WORK TO BE COMPLETED ▸ Copy out exactly the lines from the one containing "欧洲站牛仔夹克衫男士翻领秋冬新款外套百搭时尚休闲潮牌简约上衣" through the end of the records, and no pictures.

Image-text web data:
-- Opening Marker --
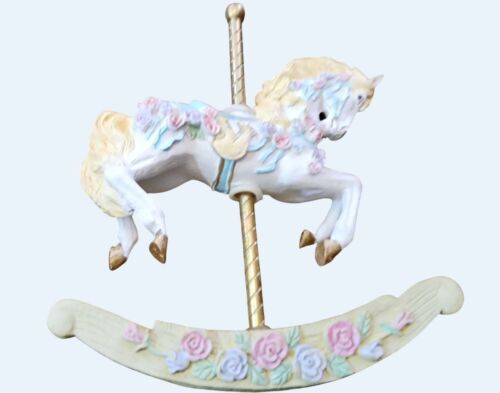 Vintage Style Carousel Rocking Horse Figurine With Floral Accents 5.25 Inch Tall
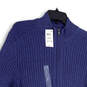 NWT Mens Blue Long Sleeve Mock Neck Knitted Full-Zip Sweater Size Large image number 3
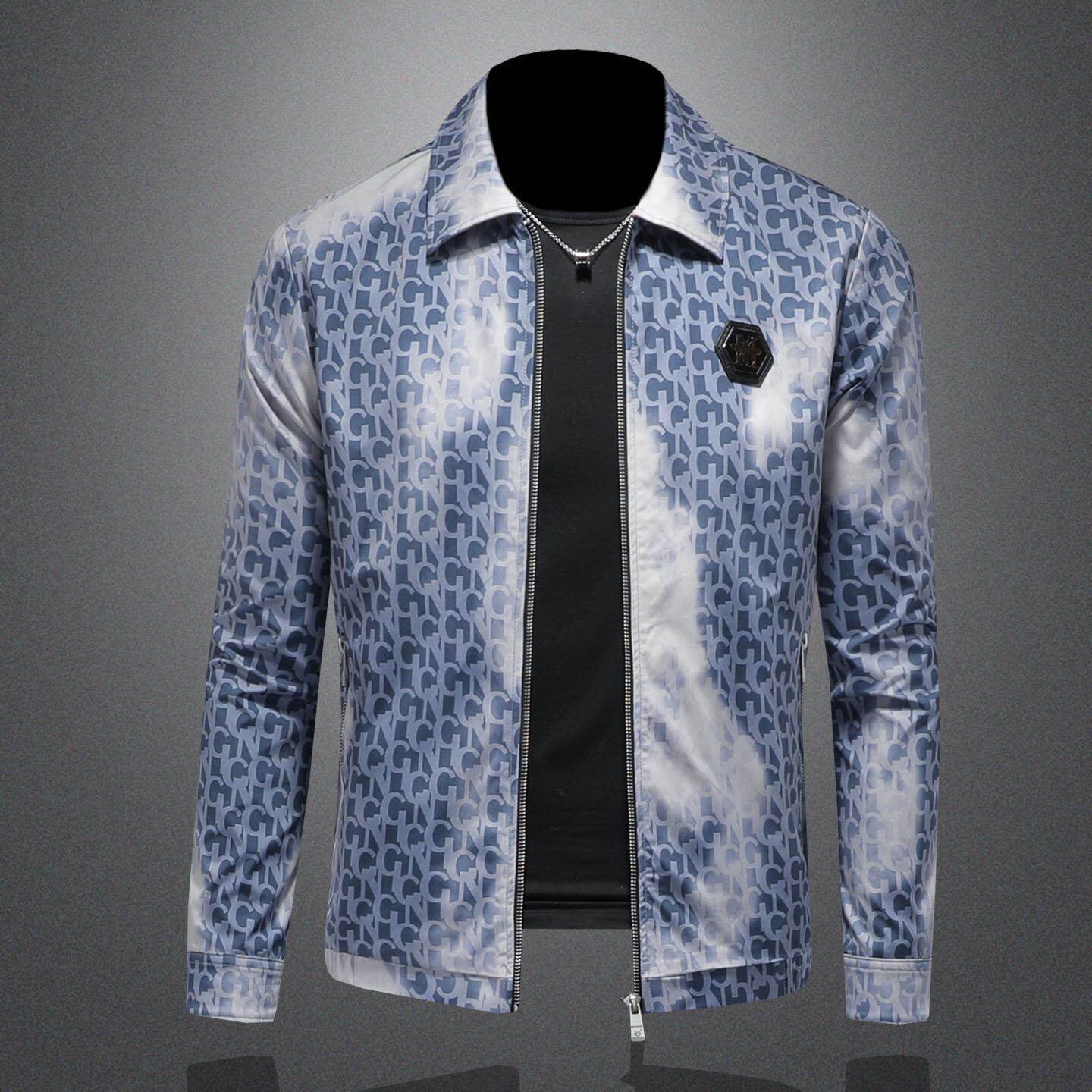 欧洲站牛仔夹克衫男士翻领秋冬新款外套百搭时尚休闲潮牌简约上衣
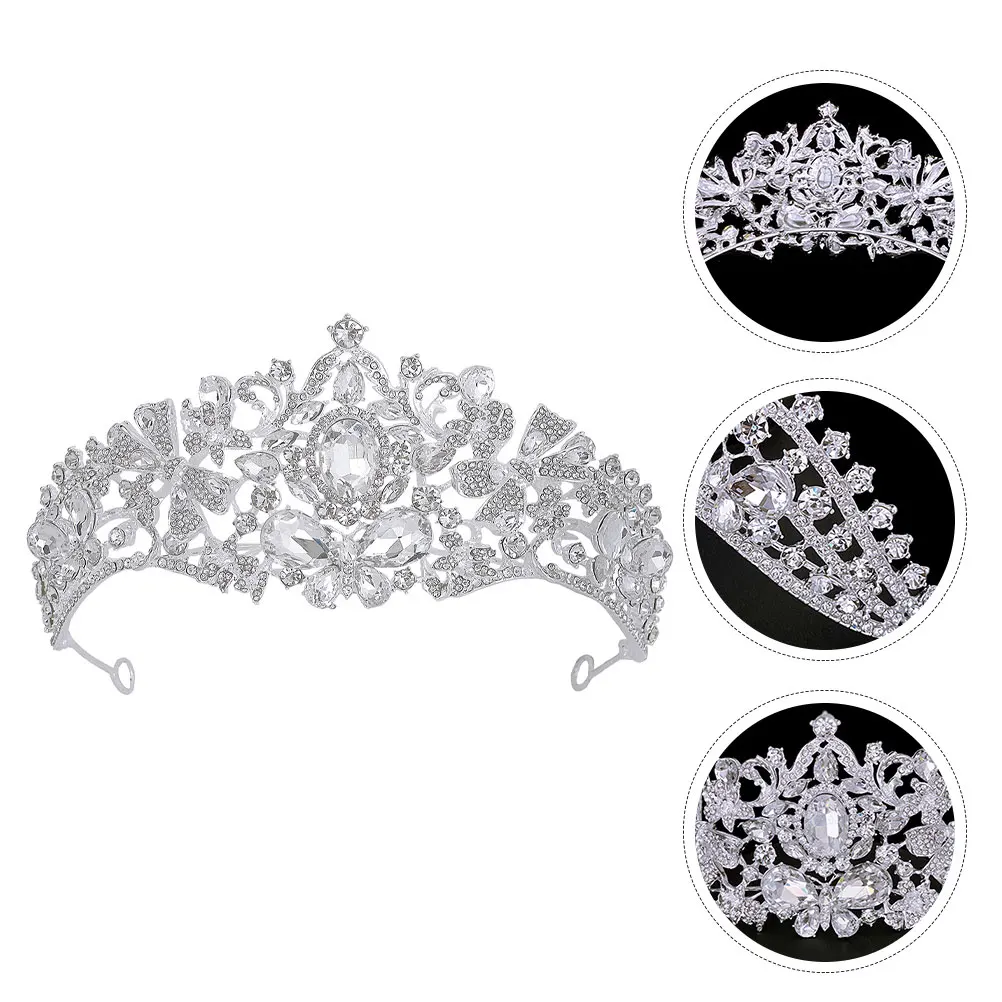 

Silver Crown Hair Accessories Wedding Bridal Rhinestone Bridesmaid Birthday Decorative Crowns Women Pageant Headband
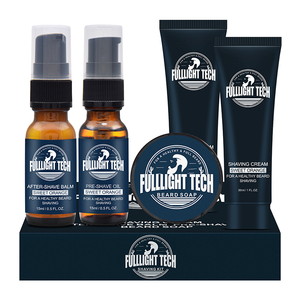 Kit de produits pour barbe OEM, ensemble de bois de santal fait à la main, adoucit la peau naturelle, barbe, pré-<span class=keywords><strong>rasage</strong></span>, huile, crème, Gel après-baume, hommes, barre de savon pour barbe - Product Image 1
-- Closing Marker --
EXERCISE SOLUTION ▸
 欧洲站牛仔夹克衫男士翻领秋冬新款外套百搭时尚休闲潮牌简约上衣

Silver Crown Hair Accessories Wedding Bridal Rhinestone Bridesmaid Birthday Decorative Crowns Women Pageant Headband
 Kit de produits pour barbe OEM, ensemble de bois de santal fait à la main, adoucit la peau naturelle, barbe, pré-<span class=keywords><strong>rasage</strong></span>, huile, crème, Gel après-baume, hommes, barre de savon pour barbe - Product Image 1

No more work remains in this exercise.